Но как быть с чертой, не раз отмеченной в русских с некоторой даже досадой? «Мы, русские, носим в себе какое-то внутреннее противоречие. Мы не лишены патриотизма; мы любим Россию и русскость. Но мы не любим друг друга: по отношению к „ближнему своему“ мы носим в душе некое отталкивание» — уходим друг от друга — сразу же страдаем [Шульгин 1994: 141]. Как это чувство взаимного отталкивания без отчужденности связать с идеальной категорией «соборность»? Шульгин сам и ответил на этот вопрос: «Некий устоявшийся образ русскости можно рисовать себе в москвичах эпохи Алексея Михайловича, если не принимать во внимание солидной доли финской и татарской крови, влившейся в северян», но и Богдан Хмельницкий, как известно, смотрел на себя и своих сподвижников «как на истинных носителей русского начала» [Там же: 143]. Думается, дело тут в постоянном смешении этносов в границах российского государства. Каждый из них вносил свои особенности мироощущения и вкладывал их смысл в традиционные русские слова. Особенно создание Петербурга сделало многое в усреднении нового «российского типа», «который проходил выше московского и киевского, но стоял на этих двух местноречиях, как голова, вместилище развившегося разума, стоит на двух ногах...» [Там же: 145].
Если же спросить простого русского человека, что такое соборность, — он ответит разное. Но в одном нельзя сомневаться: чувством он всё понимает правильно.
«Своим ничего не надо доказывать».
Восторженно завышенные определения русского народного характера, данные различными авторами, представляют образ русского человека, пребывающего в душевной гармонии с миром и самим собой — мир и лад в общественной и личной жизни под покровительством праведной власти. Но крайности двоения неизбывны, и власть недостойная попускает греху.

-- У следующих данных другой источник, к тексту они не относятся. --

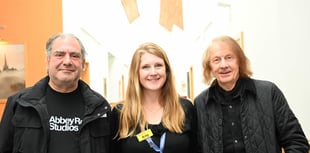 Mott Fest donates £3,300 to St Michael's Hospice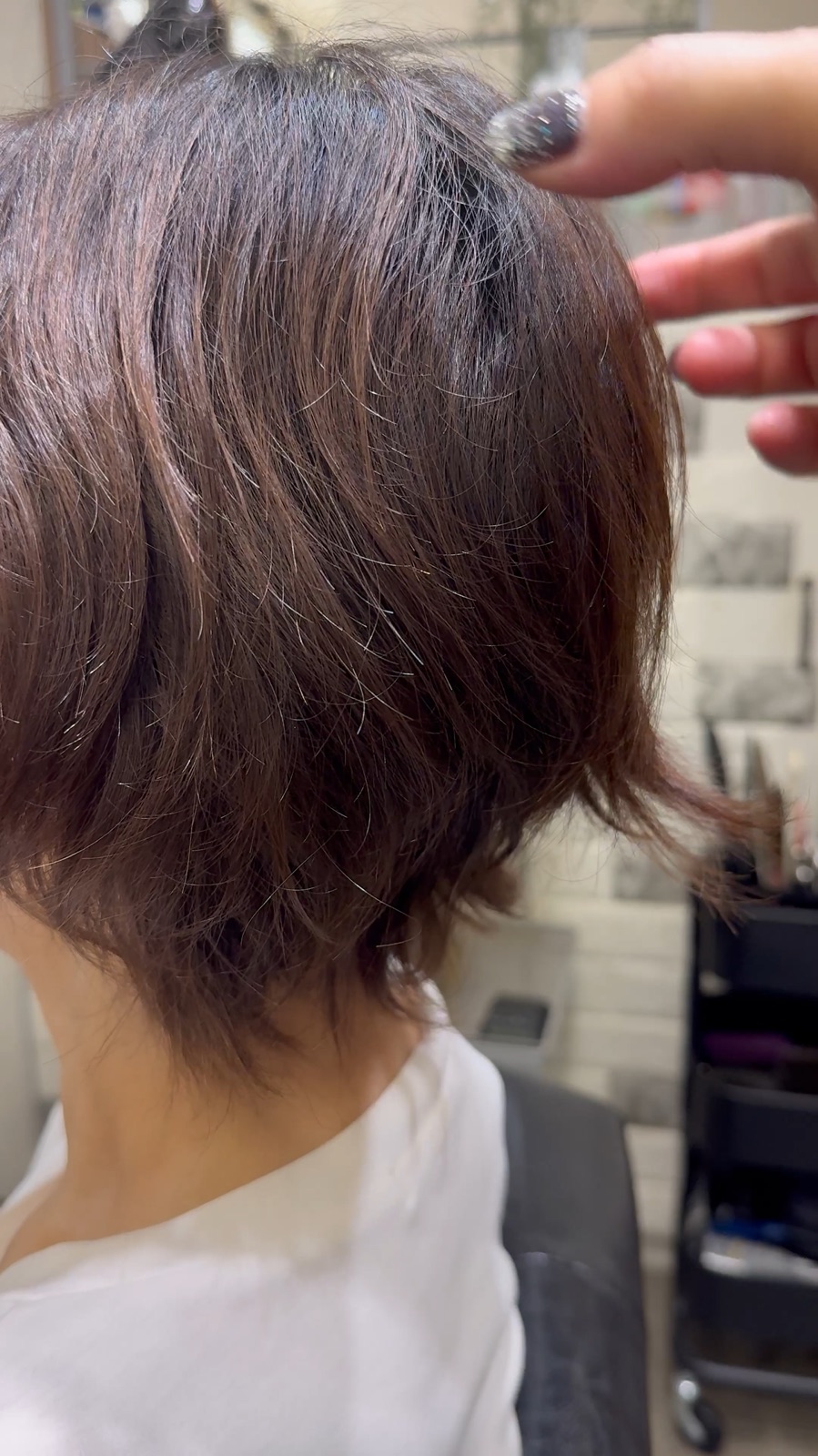 施術前。ショートヘア表面の細かいうねりと広がりが出ている写真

Ведь воля начинается с проявления чувств, а именно чувства в своем действии амбивалентны, и вот уже видно: подавленное властной волей личное «хочу» человека оборачивается апатией-ленью, страстью-пьянством или беспредметным словом, которым клянут опостылевший свет.
Замечание философа: «Мы не ленивы, мы созерцательны» [Гиренок 1998: 285] — совершенно справедливо в идеальном смысле, однако со стороны наша созерцательность кажется отсутствием деловитости. Другой философ справедливо добавил: «То, что „доброхоты“ России относят к свидетельствам о лености русских, есть по существу способ высвобождения времени для бесед, размышлений, мыслительных созерцаний в ущерб не столь важным „делам“ по угождению тела продуктами физического труда» — ведь русский человек физически защищен своими природными ресурсами; «если русский народ не работает, то он размышляет», т. е., собственно говоря, просто изменяет форму своей деятельности [Курашов 1999: 225—226]. Это та самая средняя позиция, которую так любил Аристотель: только паразиты ленивы — и только мошенники суетливы. Пример идеального русского типа — классический Дурак, для которого свойственны «философская созерцательность и метафизичность поступков» [Там же: 230]. Суетливость, например, еврея хорошо описал Василий Розанов: вот уж пример неустанной деловитости!